The fight against climate change is as important and urgent as the threat of terrorism, Secretary of State John Kerry argues as negotiations in Vienna work towards a ban on hydrofluorocarbons (HFCs) in air conditioners. But as the world works toward a deal to ban these heat-trapping chemicals, many are looking to the United States to also curb its growing reliance on air conditioning, Rick Noack reports for The Washington Post.
While both Europe and the United States are concerned about HFCs and the powerfully heat-trapping gases they emit, as evidenced by a meeting held in Vienna this past weekend to draft a deal banning HFCs, Europe is growing frustrated with the US’s dependence on air conditioners.
“If the second, fourth, and fifth most populous nations — India, Indonesia, and Brazil, all hot and humid — were to use as much energy per capita for air conditioning as does the U.S., it would require 100 percent of those countries’ electricity supplies, plus all of the electricity generated by Mexico, the United Kingdom, Italy, and the entire continent of Africa,” Stan Cox, a researcher who focuses on indoor climate controlling, told The Washington Post.
US Secretary of State John Kerry was also in attendance at this meeting in Vienna where he emphasized the urgency of the global threat of climate change: “Yesterday, I met in Washington with 45 nations — defense ministers and foreign ministers — as we were working together on the challenge of Daesh, ISIL, and terrorism,” Kerry said.
“It’s hard for some people to grasp it, but what we — you — are doing here right now is of equal importance because it has the ability to literally save life on the planet itself,” Kerry said, referring to climate action and the draft deal to ban HFCs. About 90 percent of those gases are used in fridges or air conditioning systems, Noack reports.
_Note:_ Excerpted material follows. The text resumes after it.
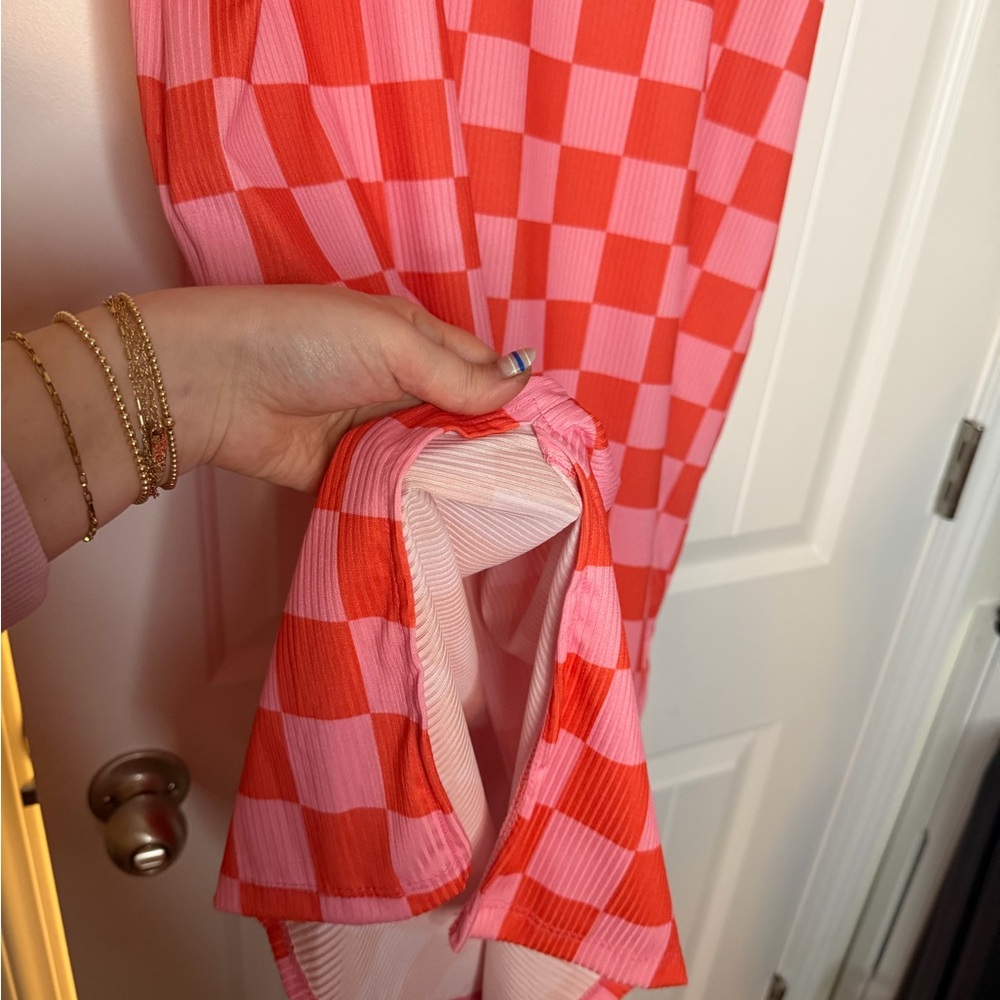 Orange and Pink Checkered T-Shirt Dress - Picture 3 of 4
For European critics, however, the presence of air conditioning in the United States, is not as concerning as its over-use, Noack says. Visitors to the US often complain of overly chilled buildings, particularly during the summer months, and the science supports this: While Americans prefer an average indoor temperature of 70 degrees Fahrenheit, Europeans would consider such temperatures too cold.